■ About this exercise ■
Every line from the first record below down to the line that includes "سلام عليكم سياره" must be reproduced exactly; the pictures are not.

■ Data for this task ■
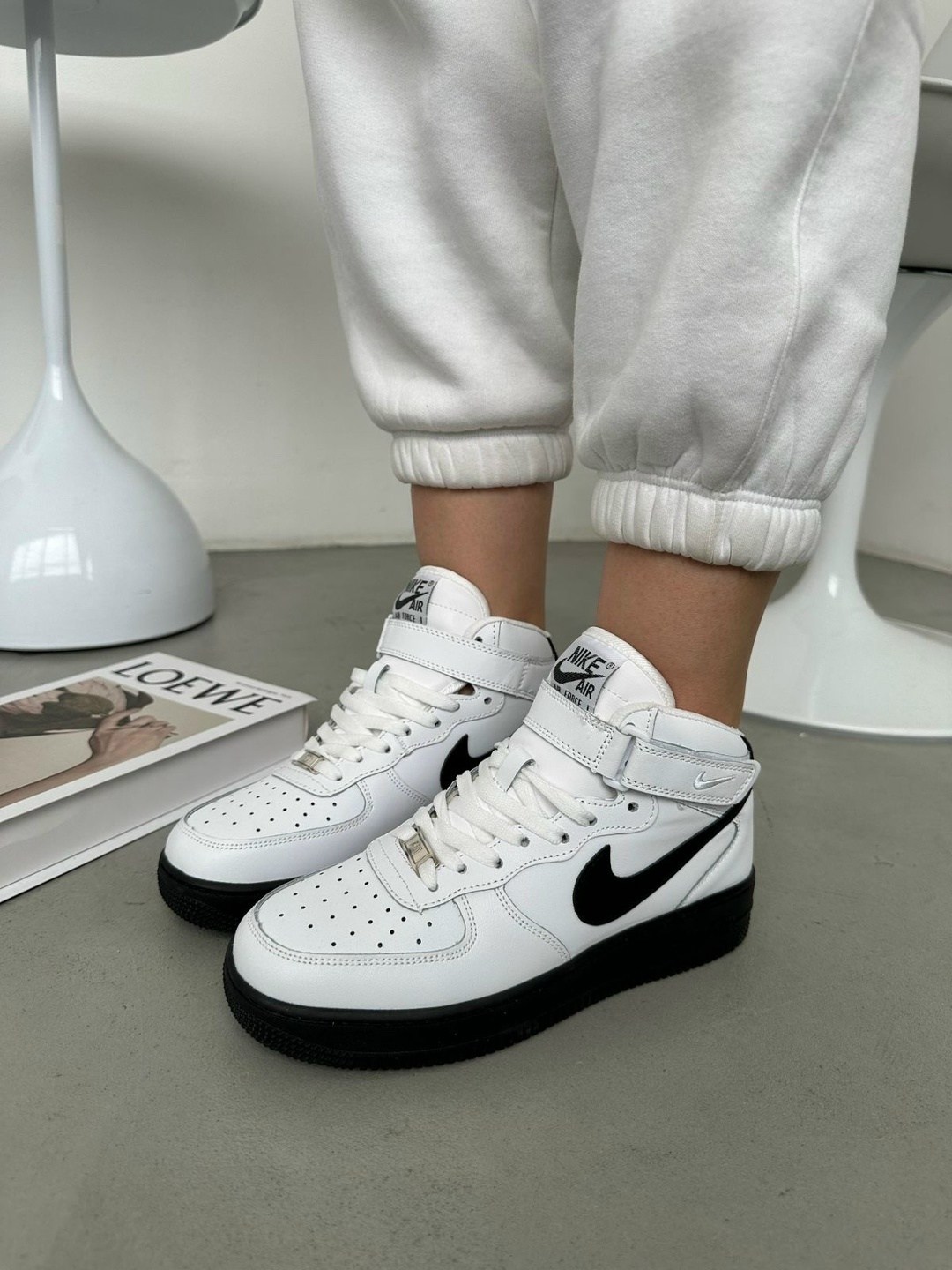 nike air force 1 high кроссовки,кросcовки nike air force 1,nike air force 1,кроссовки nike air force 1 mid,кроссовки nike air force 1 white green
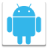 icon Casualx 3.5.1
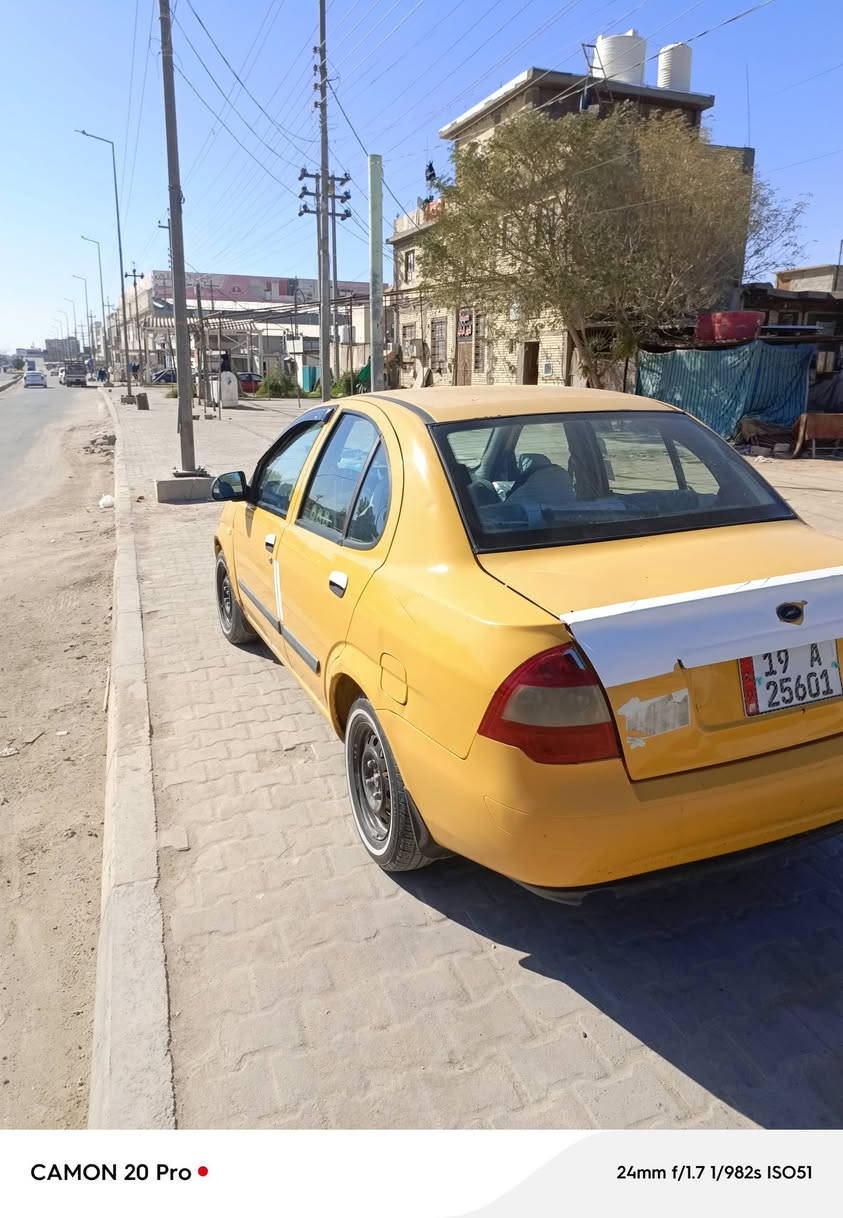 سلام عليكم سياره طيبه مديل 16 رقم 📱 كربلاء رقام نكليزي سياره مكينه بيه خيط بخار كير مكفول تبريد تدتفئه شغا 4 سماعات 🎧 جدد سياره خير من الله سياره بسمي مداور شوكت متريد ‏ سعر  32 وبيه مجال قليل مطلوبه مرور 5 ورقات تكطعهن من سعر 😍  ‪***********‬‏😍***********
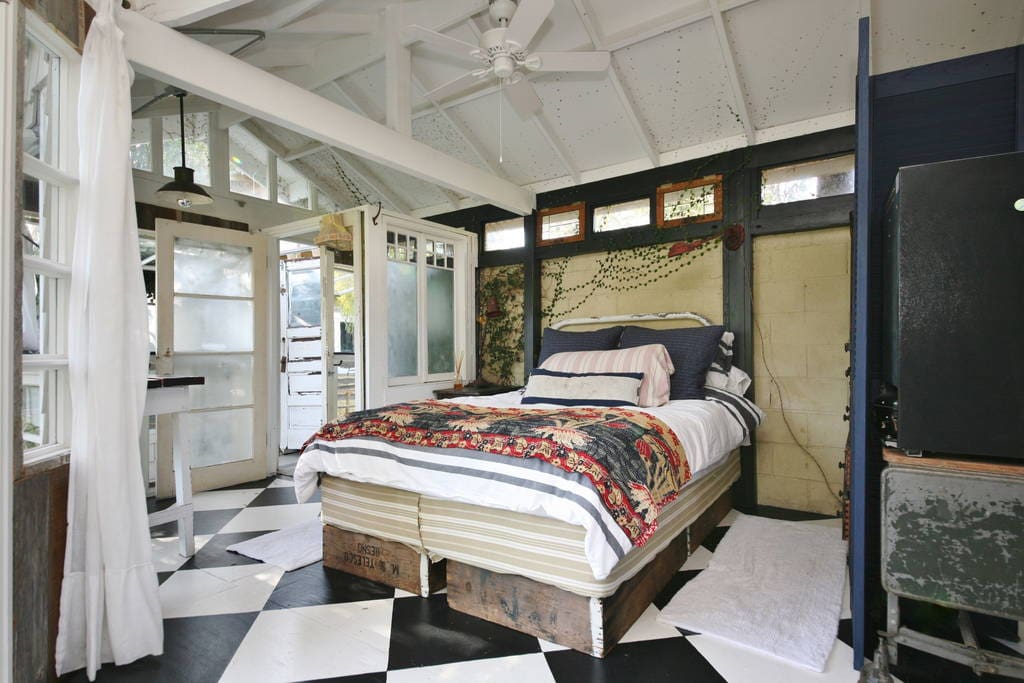 craftsman-mini-me-venice-california-7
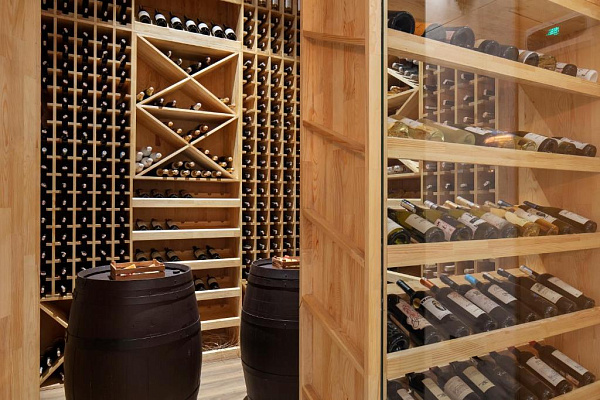 Nirvana Cosmopolitan Nirvana Cosmopolitan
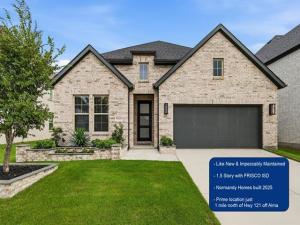 MLS #21344819 image #0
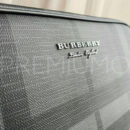 Burberry сумка PR796696 22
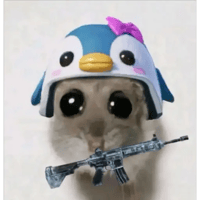 sticker image #21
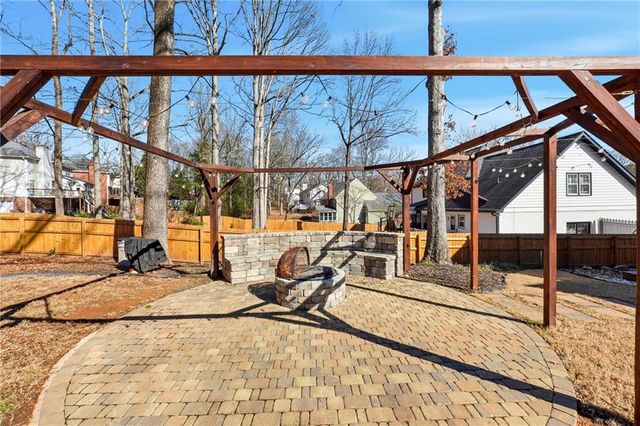 2120 Lebanon Road, Lawrenceville, GA 30043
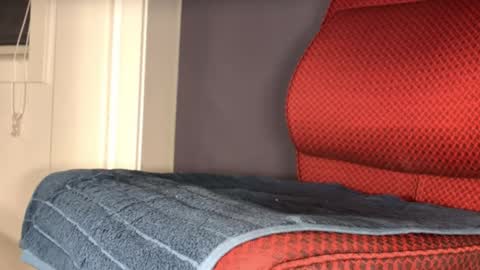 Brsrkr online show from 4, 12, 2025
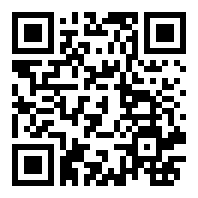 瓶洞交友app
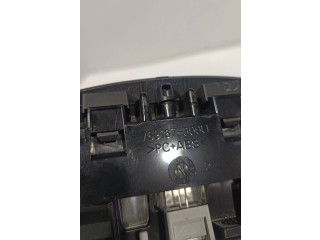 Панель приборов 769167-320U   Peugeot 108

■ Final answer ■
 nike air force 1 high кроссовки,кросcовки nike air force 1,nike air force 1,кроссовки nike air force 1 mid,кроссовки nike air force 1 white green
 icon Casualx 3.5.1
 سلام عليكم سياره طيبه مديل 16 رقم 📱 كربلاء رقام نكليزي سياره مكينه بيه خيط بخار كير مكفول تبريد تدتفئه شغا 4 سماعات 🎧 جدد سياره خير من الله سياره بسمي مداور شوكت متريد ‏ سعر  32 وبيه مجال قليل مطلوبه مرور 5 ورقات تكطعهن من سعر 😍  ‪***********‬‏😍***********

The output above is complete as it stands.